On the other hand, plot absolute values of M2 and CPI over a few decades, and the correlation is excellent.

During the 50 years from 1959 through 2008, the M1 money stock rose by a factor of 11, while the CPI rose by a factor of 7. Why else did this explosion of prices, which distinguishes the 20th century from all other centuries in history, occur?

The burden is on those who claim expansion of the money stock didn’t cause the Great Inflation to show what DID cause it.

1. Philip Pilkington

My data is monthly calculated at annual rate of change.

If you think plotting two increasing variables against each other measured in different terms (dollars and an index set to somewhere around 2000=100) is evidence of a correlation I cannot help you.

1. washunate

So to clarify, are you denying that dollar prices have increased significantly, or are you suggesting that something other than printing dollars is responsible?

2. Jim Haygood

Dwyer and Hafer examined IMF data for eighty countries. They found:

‘Correlations between inflation and the growth of money relative to income are 0.92 for 1987-92 and 0.84 for 1992-97. The correlation between changes in inflation and changes in the growth of money relative to income [between the two 5-year periods] is a slightly lower 0.78.’

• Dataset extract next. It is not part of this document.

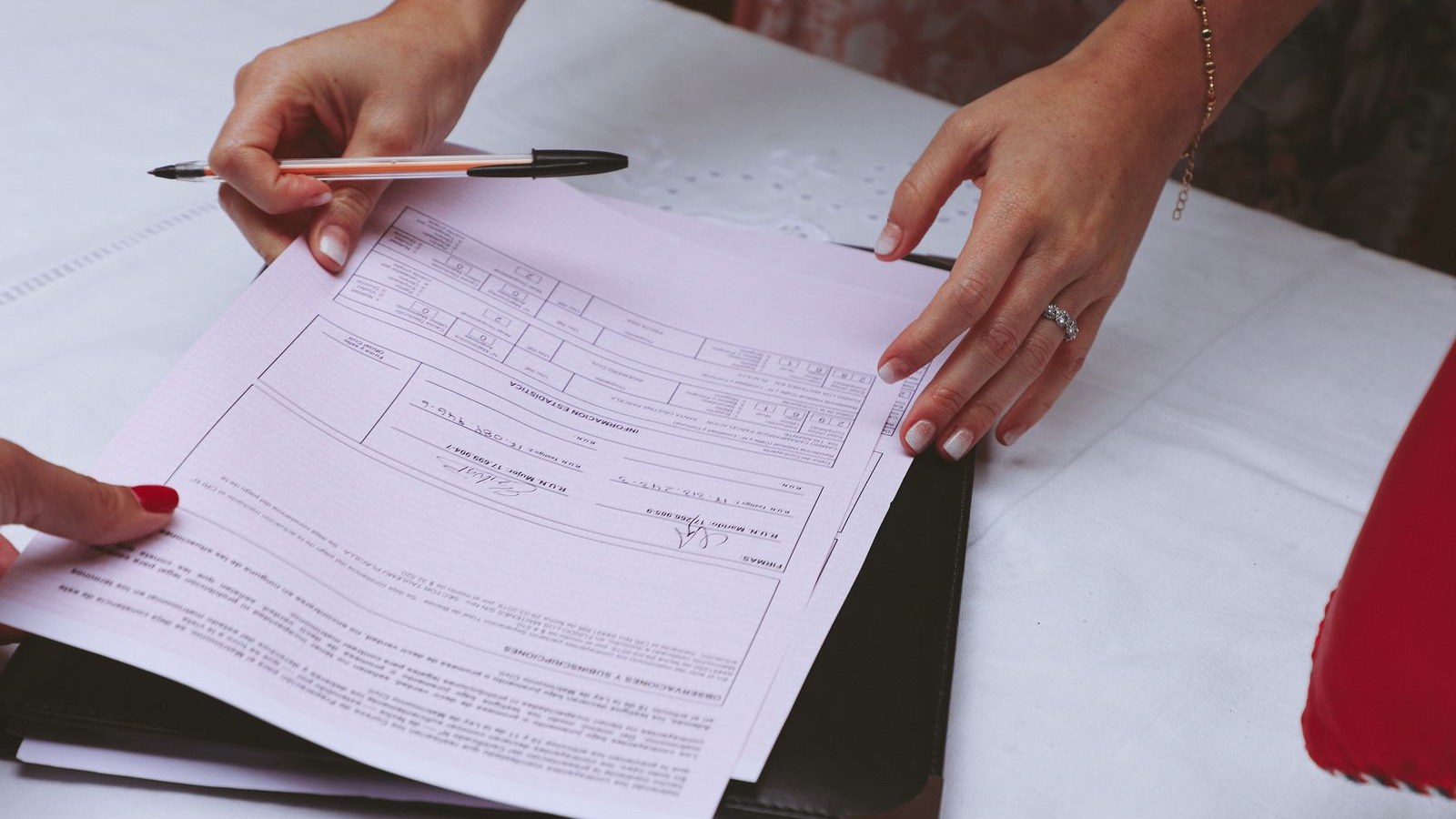 A two-page printed plan on a desk with a blank signature line at the bottom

http://www.frbatlanta.org/filelegacydocs/dwyhaf.pdf

1. Ben Johannson

That’s because the authors estimate changes in price level by a ratio of nominal to real income, rather than actually looking at prices. Now put your thinking cap on and ask yourself about causation in an economy with an endogenous money supply.

1. elbridge

Whilst adjusting my cap, I kept thinking about ‘causation’ and an endogenous monied economy, but I couldn’t help also thinking about the data, and the overall correlation in the Atlanta fed data and there being nothing said about ‘causation’.
So, why exactly, should we be thinking about credit-monied causation, and what is causation there?
There is still correlation at the cumulative level.
But, certainly, the monetarists are wrong.
The data prove that.

1. elbridge

Got it. You have no reason to raise ‘causation’ as an economic phenom, but, presenting it here confuses the data that correlates money supply and overall prices.
Well done.
Was not the purpose of this posting and your comment to cast broad aspersions on that ‘hoary old myth’ of ‘monetarism, by somehow disproving the Quantity Theory’s underlying, and related, equation of exchange.

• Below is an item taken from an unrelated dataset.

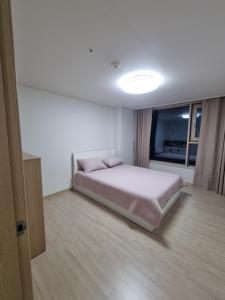 a white bedroom with a bed and a window at Luxury ocean view in Busan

Phillip provides a link to Fisher’s ‘Purchasing Power of Money’ e-edition and we can only hope all take a read of that which well informs this discussion.
There:
“”The chief object of this book is to explain the causes determining the purchasing power of money.””

And:
“The so-called “quantity theory,” (*13) i.e. that prices vary proportionately to money, has often been incorrectly formulated, but (overlooking checks) the theory is correct in the sense that the level of prices varies directly with the quantity of money in circulation, provided the velocity of circulation of that money and the volume of trade which it is obliged to perform are not changed.””

*13.
This theory, though often crudely formulated, has been accepted by Locke, Hume, Adam Smith, Ricardo, Mill, Walker, Marshall, Hadley, Fetter, Kemmerer and most writers on the subject. The Roman Julius Paulus, about 200 A.D., stated his belief that the value of money depends on its quantity. See Zuckerkandl, Theorie des Preises; Kemmerer, Money and Credit Instruments in their Relation to General Prices, New York (Holt), 1909. It is true that many writers still oppose the quantity theory. See especially, Laughlin, Principles of Money, New York (Scribner), 1903.”
Perhaps, add: Pilkington and Johannson 2014

1. skippy

You should probably take a peek over at Phillips blog and review – engage in the comment thread.

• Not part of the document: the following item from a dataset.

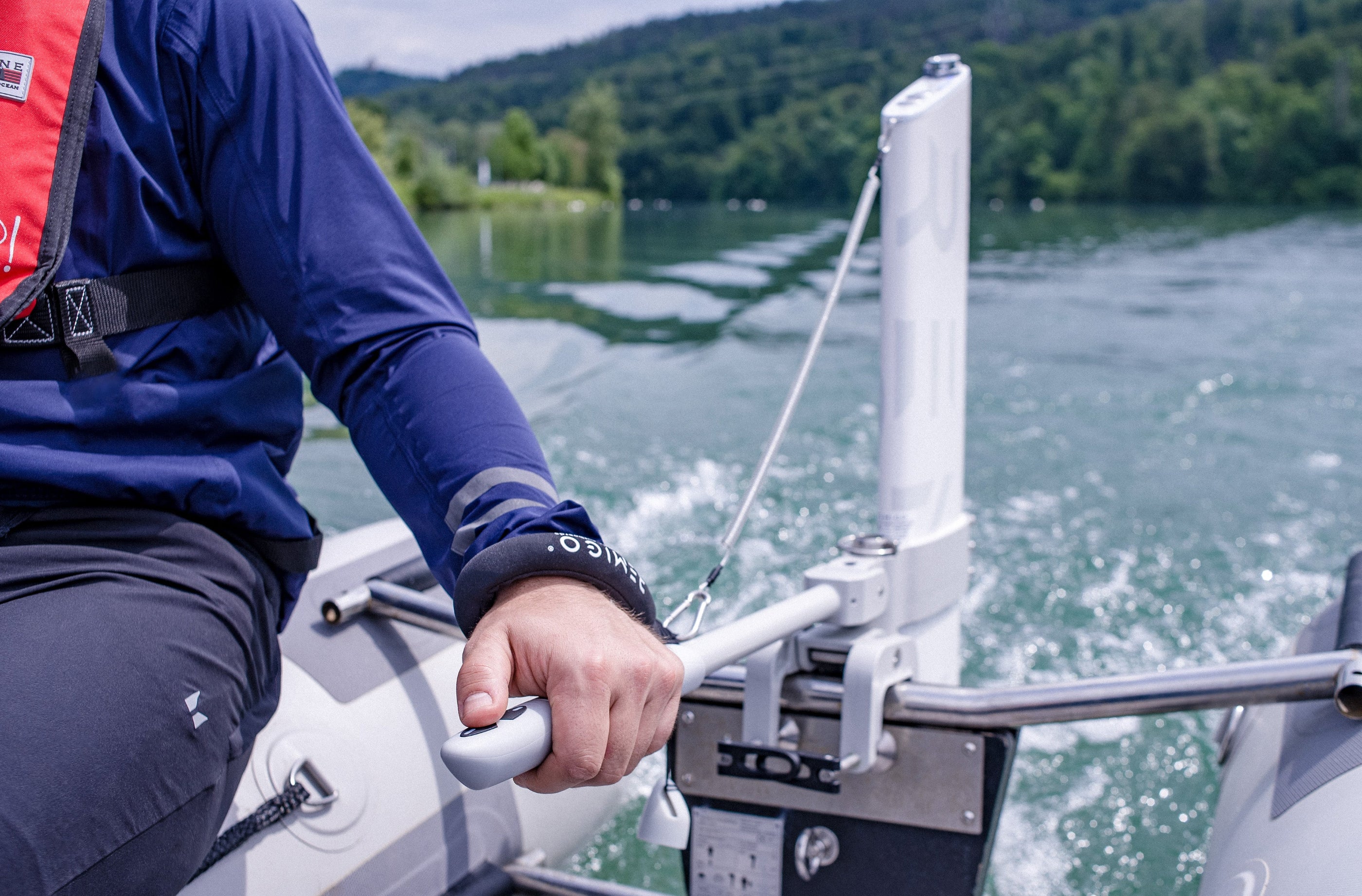 Person on a boat holding onto a handle with remote control key with a scenic lake and trees in the background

Skippy… Myself… assuming the mental position of a deity and laying claim to tautologies as divine dicta, wellie…. the bones man, good gawd… look at all the bones [!!!].

2. Ben Johannson

“Plot absolute value” can mean anything. You have a habit of linking charts without context, methodology or data source cited, which makes them not worth the paper they aren’t printed on.

Secondly your assertion that CPI increases in the 20th Century are the greatest in history is remarkably disingenuous given that A) CPI did not exist prior to that century and B) the 20th Century is the first in which comprehensive data were gathered on the subject.

1. Jim Haygood

Have you ever seen Global Financial Data’s series on ‘data from the United Kingdom on wheat and other agricultural [prices] back to the 1200s’?

https://www.globalfinancialdata.com/Databases/CommodityDatabase.html

Ever heard of David Hackett Fischer’s The Great Wave: Price Revolutions and the Rhythm of History?

Sixteenth century Spanish inflation caused by the import of New World gold is no myth.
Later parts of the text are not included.